Cuando regresó a la Axarquía compaginó el trabajo en la carbonería de su abuelo con el cante. "Hasta mil pesetas me llegaron a dar en una reunión", recuerda ufano. Pero no todos los momentos fueron tan generosos. El artista no olvida las veces en las que el dinero no le llegaba para pagarse la pensión en calle Santa María y aprovechaba los bares que quedaban abiertos para echar una cabezadita bajo techo.

Sus episodios de mundología se detienen con una sonrisa en la época en la que estuvo trabajando para el circo Imperial de Ángel Cristo padre. Los payasos, funambulistas y demás moradores de la carpa hacían su números, mientras Antonio esperaba con su guitarrista. Hace unos 30 años los apagones durante la función eran prácticamente habituales, y en ese momento su voz surgía como eficaz comodín.
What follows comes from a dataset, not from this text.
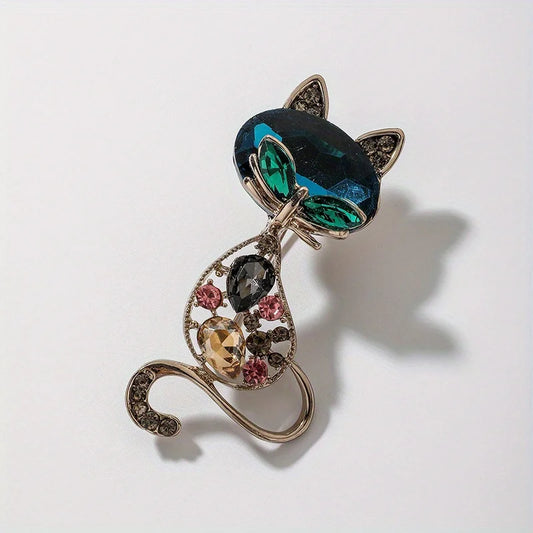 #JA1016 Lucky Cat Brooches Vintage Elegant Women Men Exquisite Crystal  Pins Fashion Exqusiite Luxury Kitten Badges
A la señal de "¡Niño, llama al cantaor!" acudía el malagueño para entretener al público bajo un farol encendido.

Por esa mismas fechas, ya se recorría la provincia, dispuesto a repartir flamenco alternando tren, coche y mula. "Para llegar de Zafarraya a Los Romanes no había carretera y nos recogían en bestias. Igual de Arroyo Coche hasta Villanueva de la Concepción", resume el artista. Fatigas que compensó luego con sus salidas al extranjero.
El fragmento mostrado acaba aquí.